The Burt County Museum is located in the E.C. Houston House built for Emsley Clinton Houston. Houston was the owner and founder of the Houston Lumber Company in Tekamah and also served as vice president of the First National Bank of Tekamah for over twenty years. He was elected mayor of Tekamah in 1893 and was a state senator in 1919.
Listed on the National Register of Historic Places, the large frame house constructed in 1904-5 incorporates Neo-Classical Revival details in its porches, door and window openings, and cornices. The most distinctive part of the dwelling is the prominent porch, which has a wooden railing on the first level and wrought iron railing on the second and attic stories.
The interior of the fourteen-room house remains much as it was with beautiful cut-glass windows in the reception room, above the stair landing, and in the parlor. The parlor features a bay window and a large fireplace. During a recent restoration project, the 1904 light fixtures and mirror above the fireplace were returned to their original places. The foyer, beautiful open stairway to the upper floors, parlor and formal dining room with butler's pantry are connected by a central hallway.
On the second floor is a sitting room, child's bedroom, master bedroom, military room dedicated to the honor of Burt County service personnel and the maid's room, currently used for Burt Country history and genealogy.
The third floor was the former ballroom and is now used for special displays, including an oil painting of the Last Supper, painted in the late 1600s or early 1700s and an 1880 toy "magic lantern" used to project special slides.
The full basement has four rooms featuring 1) an old-fashioned kitchen, 2) tools and implements used on early day Burt County farms, 3) early day laundry items, 4) a "Professional Room," with photos and artifacts from local businesses and professional people.

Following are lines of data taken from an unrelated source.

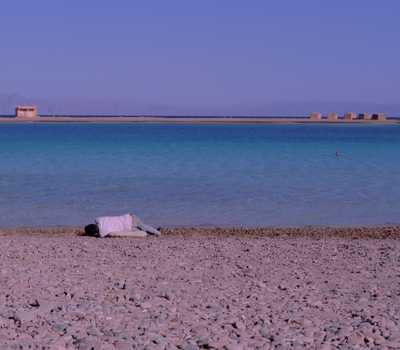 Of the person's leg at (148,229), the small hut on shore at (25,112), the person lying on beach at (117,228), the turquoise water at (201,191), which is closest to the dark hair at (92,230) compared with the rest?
the person lying on beach at (117,228)

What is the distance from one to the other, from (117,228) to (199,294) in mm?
6234

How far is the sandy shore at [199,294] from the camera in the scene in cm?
732

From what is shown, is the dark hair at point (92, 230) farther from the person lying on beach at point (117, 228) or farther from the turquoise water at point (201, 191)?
the turquoise water at point (201, 191)

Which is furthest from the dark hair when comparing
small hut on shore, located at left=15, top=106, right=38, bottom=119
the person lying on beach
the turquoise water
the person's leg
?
small hut on shore, located at left=15, top=106, right=38, bottom=119

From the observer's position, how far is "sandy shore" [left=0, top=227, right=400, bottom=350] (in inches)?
288

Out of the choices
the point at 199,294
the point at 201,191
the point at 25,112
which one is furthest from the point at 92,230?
the point at 25,112

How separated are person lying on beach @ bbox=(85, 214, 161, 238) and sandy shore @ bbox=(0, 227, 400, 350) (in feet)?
1.72

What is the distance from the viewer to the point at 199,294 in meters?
9.26

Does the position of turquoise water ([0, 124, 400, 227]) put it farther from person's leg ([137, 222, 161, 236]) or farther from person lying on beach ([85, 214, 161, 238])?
person lying on beach ([85, 214, 161, 238])

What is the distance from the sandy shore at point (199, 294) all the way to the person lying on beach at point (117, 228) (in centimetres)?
52

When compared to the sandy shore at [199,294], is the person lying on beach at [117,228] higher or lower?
lower

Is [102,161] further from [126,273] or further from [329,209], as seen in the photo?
[126,273]

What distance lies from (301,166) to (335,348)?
3241 cm

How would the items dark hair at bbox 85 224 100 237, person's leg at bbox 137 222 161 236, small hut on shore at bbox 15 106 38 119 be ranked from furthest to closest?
small hut on shore at bbox 15 106 38 119, person's leg at bbox 137 222 161 236, dark hair at bbox 85 224 100 237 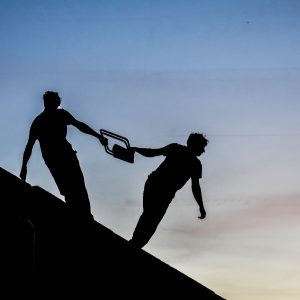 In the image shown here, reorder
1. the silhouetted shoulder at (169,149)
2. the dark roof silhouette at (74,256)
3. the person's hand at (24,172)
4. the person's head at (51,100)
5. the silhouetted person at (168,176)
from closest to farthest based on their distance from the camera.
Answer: the dark roof silhouette at (74,256) → the person's hand at (24,172) → the person's head at (51,100) → the silhouetted person at (168,176) → the silhouetted shoulder at (169,149)

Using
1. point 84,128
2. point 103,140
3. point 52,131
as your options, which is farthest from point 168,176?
point 52,131

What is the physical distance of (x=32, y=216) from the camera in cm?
409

The visitors will also enjoy the Country Schoolhouse and the C.D. Houston House, used as the Museum Annex, which is to the east of the main museum. This house was built around 1906. The two Houston men were brothers. Special displays are featured there.
The museum grounds are beautifully landscaped featuring early Tekamah streetlights, and old-fashioned gazebo, a lighted flagpole and the 1910, Folsom Park Bridge. A sidewalk on the north side of the schoolhouse uses bricks from the old main street in downtown Tekamah.